Tarcísio é um dos principais cotados a suceder Jair Bolsonaro na disputa presidencial de 2026, já que o ex-presidente está inelegível por duas condenações no Tribunal Superior Eleitoral.

Em Minas Gerais, o governador Romeu Zema (Novo) usou as redes sociais para defender Bolsonaro, criticar Lula e pedir a suspensão do tarifaço. “Eu não tenho dúvida de que tem motivação política no julgamento de Jair Bolsonaro, por isso tenho estado ao lado dele desde o início. O STF, estamos vendo, já passou dos limites. As provocações e intromissões de Lula em assuntos dos Estados Unidos são lamentáveis. Mas esses erros e essas injustiças não devem ser consertadas com mais injustiça e erro. A taxação imposta pelo presidente Trump a produtos brasileiros é uma medida errada e injusta. Ela precisa ser revista porque penaliza todos os brasileiros, gente que votou contra e a favor do Lula.”

Segundo a analista política e antropóloga Isabela Oliveira Kalil, professora da Fundação Escola de Sociologia e Política de São Paulo (Fespsp), governadores de Estados afetados pelo tarifaço estão em posição delicada. Por um lado, eles têm dificuldade em criticar abertamente o lobby de Eduardo Bolsonaro com Trump, porque poderiam perder votos entre eleitores de Jair Bolsonaro. Por outro, precisam defender os interesses econômicos de seus Estados, que podem sofrer perdas importantes com o tarifaço.

“Eles ficam em uma posição de dizer, basicamente, que a culpa é do Lula, que Lula não pegou o telefone e ligou para os EUA. Que tipo de candidatura (na eleição de 2026) eles teriam sem a base bolsonarista?”, avalia Kalil. “É muito difícil imaginar esses governadores dizendo publicamente que Eduardo Bolsonaro está errado, que a família Bolsonaro está fazendo algo que prejudica o Brasil. Precisam contar com a base”.

A exceção foi no discurso de Leite. Em entrevista ao UOL News, o governador do Rio Grande do Sul afirmou que a articulação da família do ex-presidente nos EUA foi “absolutamente imperdoável” e que colocar o país em sacrifícios “em função de um interesse pessoal não pode ser admitido.”

Ele tampouco poupou Lula. Para Leite, o presidente “tem tido manifestações recorrentes ao longo da sua trajetória de alinhamento a ditaduras, de países que também não são democráticos, e de um discurso muitas vezes antiamericano, que fragiliza essa relação com um parceiro comercial importante.”

Kalil avalia que postura dos governadores contrasta com a do restante da política, citando o exemplo da comitiva de senadores que foi aos EUA para tentar negociar sobre as tarifas, incluindo os ex-ministros de Bolsonaro Tereza Cristina (PP-MS) e Marcos Pontes (PL-SP).

“Sinalizam que, à frente da lealdade ao Bolsonaro está à lealdade às suas bases, aos seus interesses econômicos.

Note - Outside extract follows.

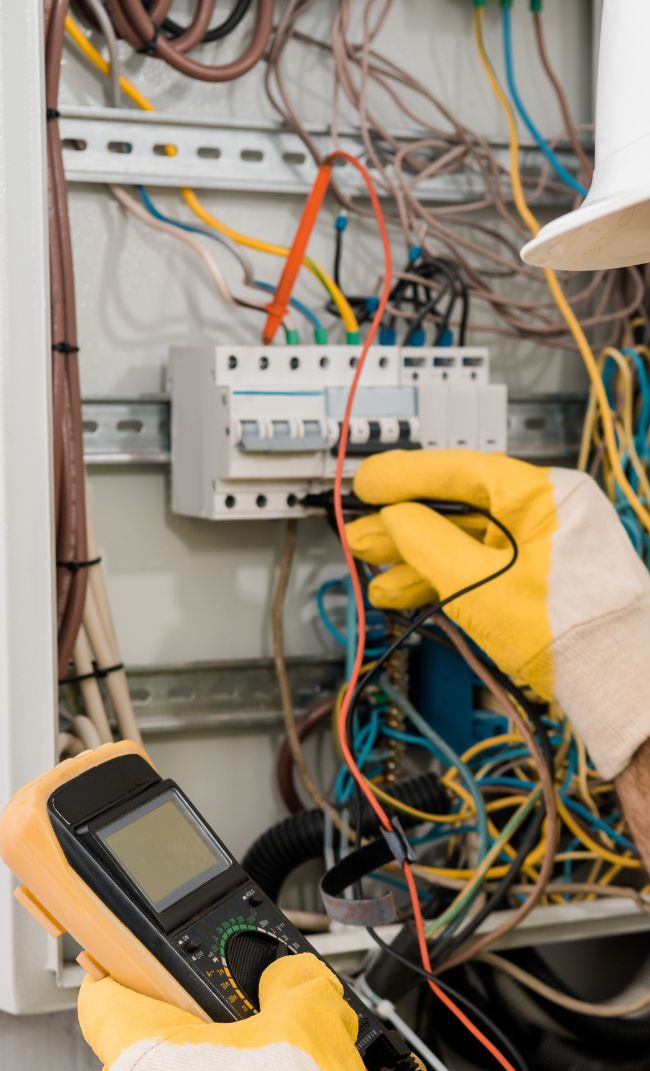 eletricistas em Jundiaí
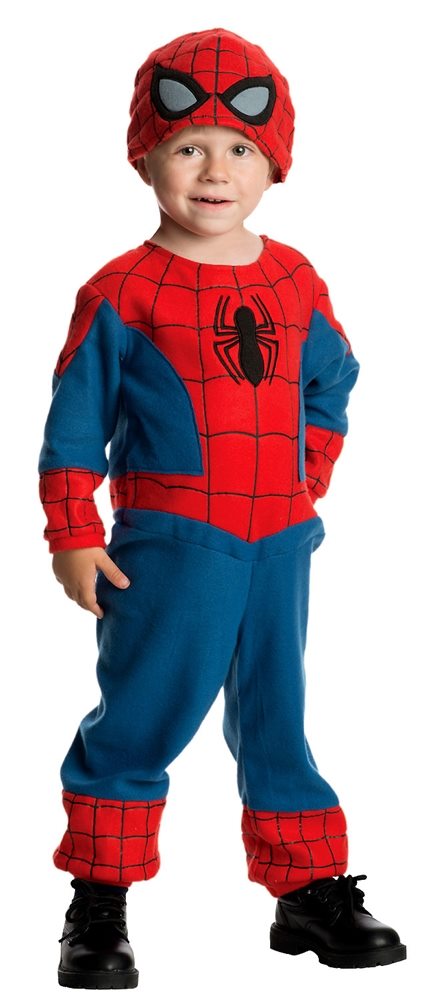 Picture of Ultimate Spider-Man Toddler Costume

Ninguém vai rifar suas relações com setores produtivos que ajudaram eles a se eleger, como o agro, para ficar defendendo a família Bolsonaro, por mais que publicamente não coloquem nesses termos.”

A complexidade do momento político e econômico coloca todos os atores em xeque, diante de uma crise que mistura interesses comerciais, disputas judiciais e cálculos eleitorais em um momento delicado da vida democrática brasileira.